*Exercise objective:* All entries below must be retyped exactly, though pictures are to be skipped.

── Given entries

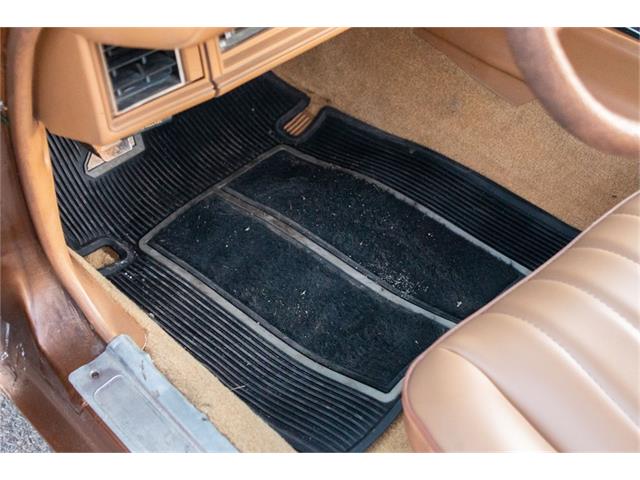 1979 Chevrolet Camaro Z28 (CC-1676877) for sale in Oxford, Connecticut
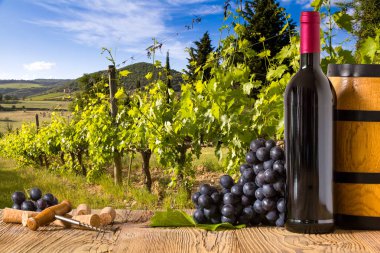 Kırmızı şarap şişeleri ile üzüm wodden gemide. Güzel Tuscany arka plan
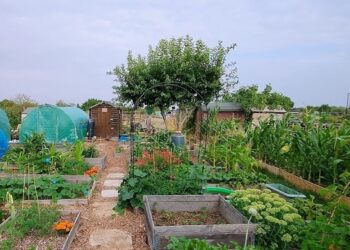 Ruth Wilson won this year's WATA Best Allotment Plot Competition. Picture: WATA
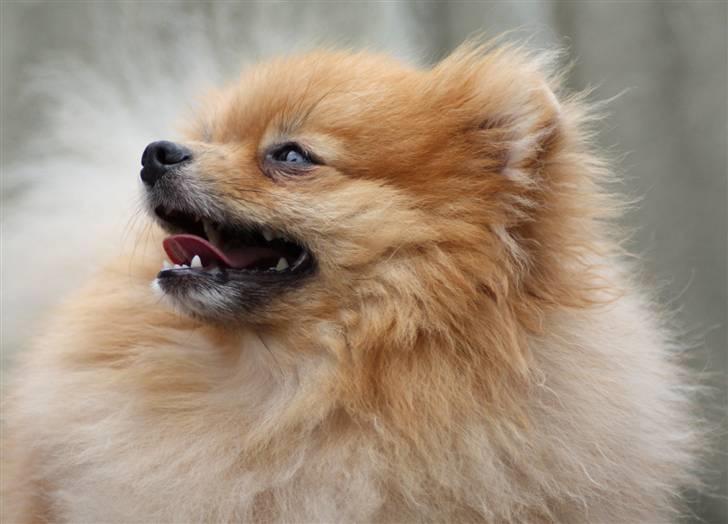 Pomeranian Riku billede 4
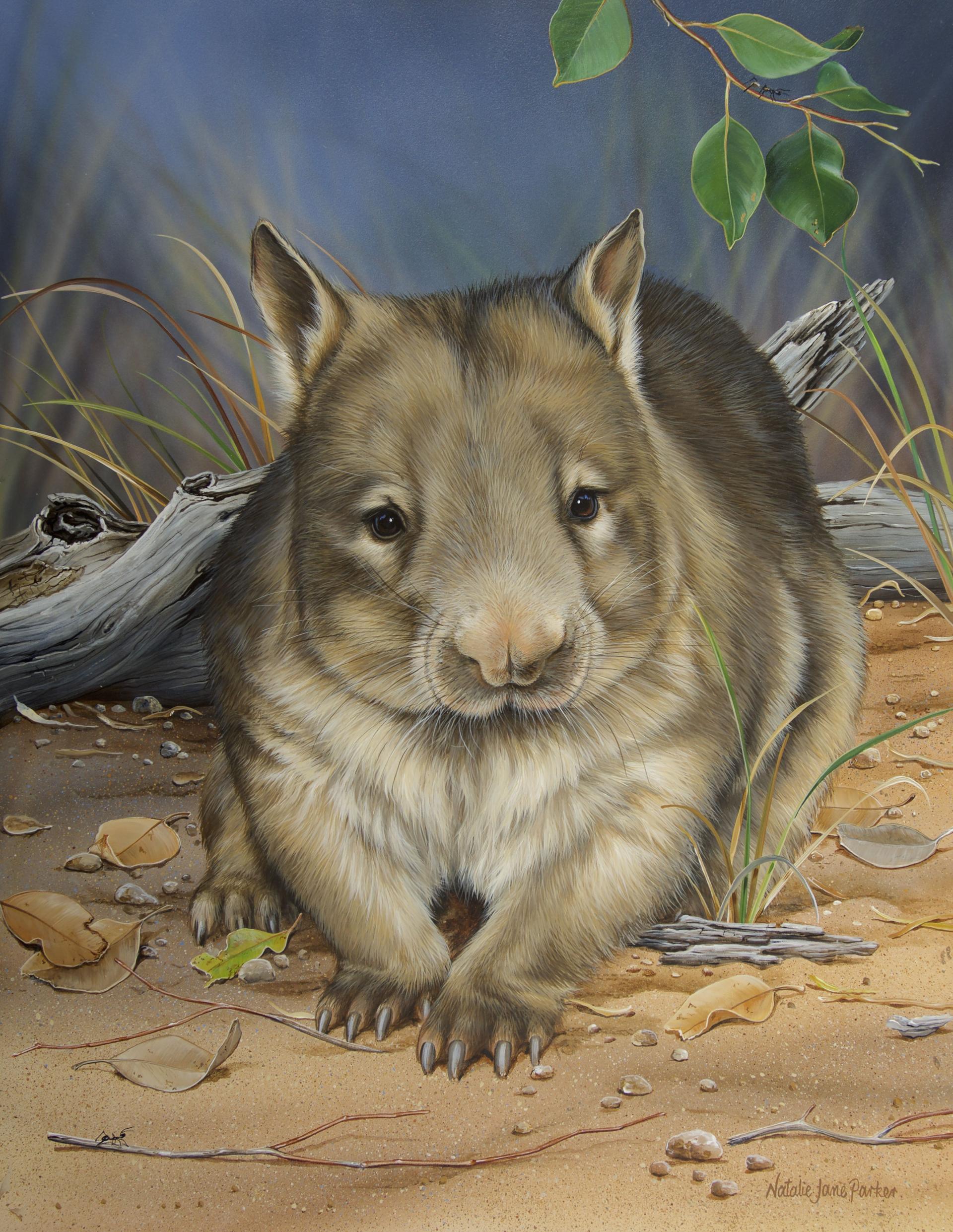 Moonlight Stroll – Northern Hairy-Nosed Wombat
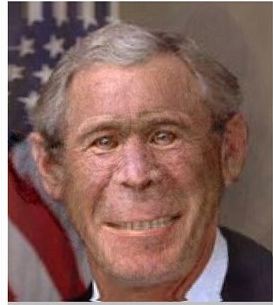 obama chimp picture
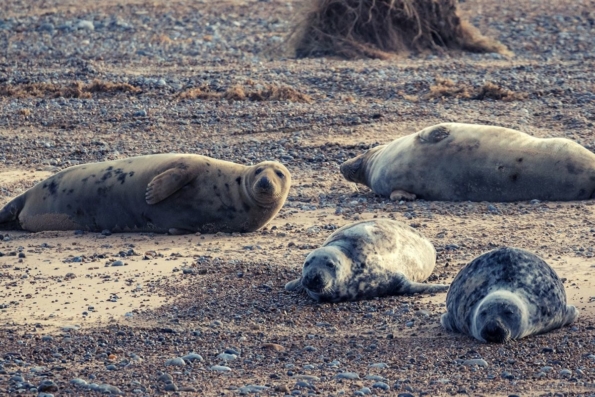 The 7 Best Norfolk Beaches According To A Local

────

*Answer to this exercise:*
 1979 Chevrolet Camaro Z28 (CC-1676877) for sale in Oxford, Connecticut
 Kırmızı şarap şişeleri ile üzüm wodden gemide. Güzel Tuscany arka plan
 Ruth Wilson won this year's WATA Best Allotment Plot Competition. Picture: WATA
 Pomeranian Riku billede 4
 Moonlight Stroll – Northern Hairy-Nosed Wombat
 obama chimp picture
 The 7 Best Norfolk Beaches According To A Local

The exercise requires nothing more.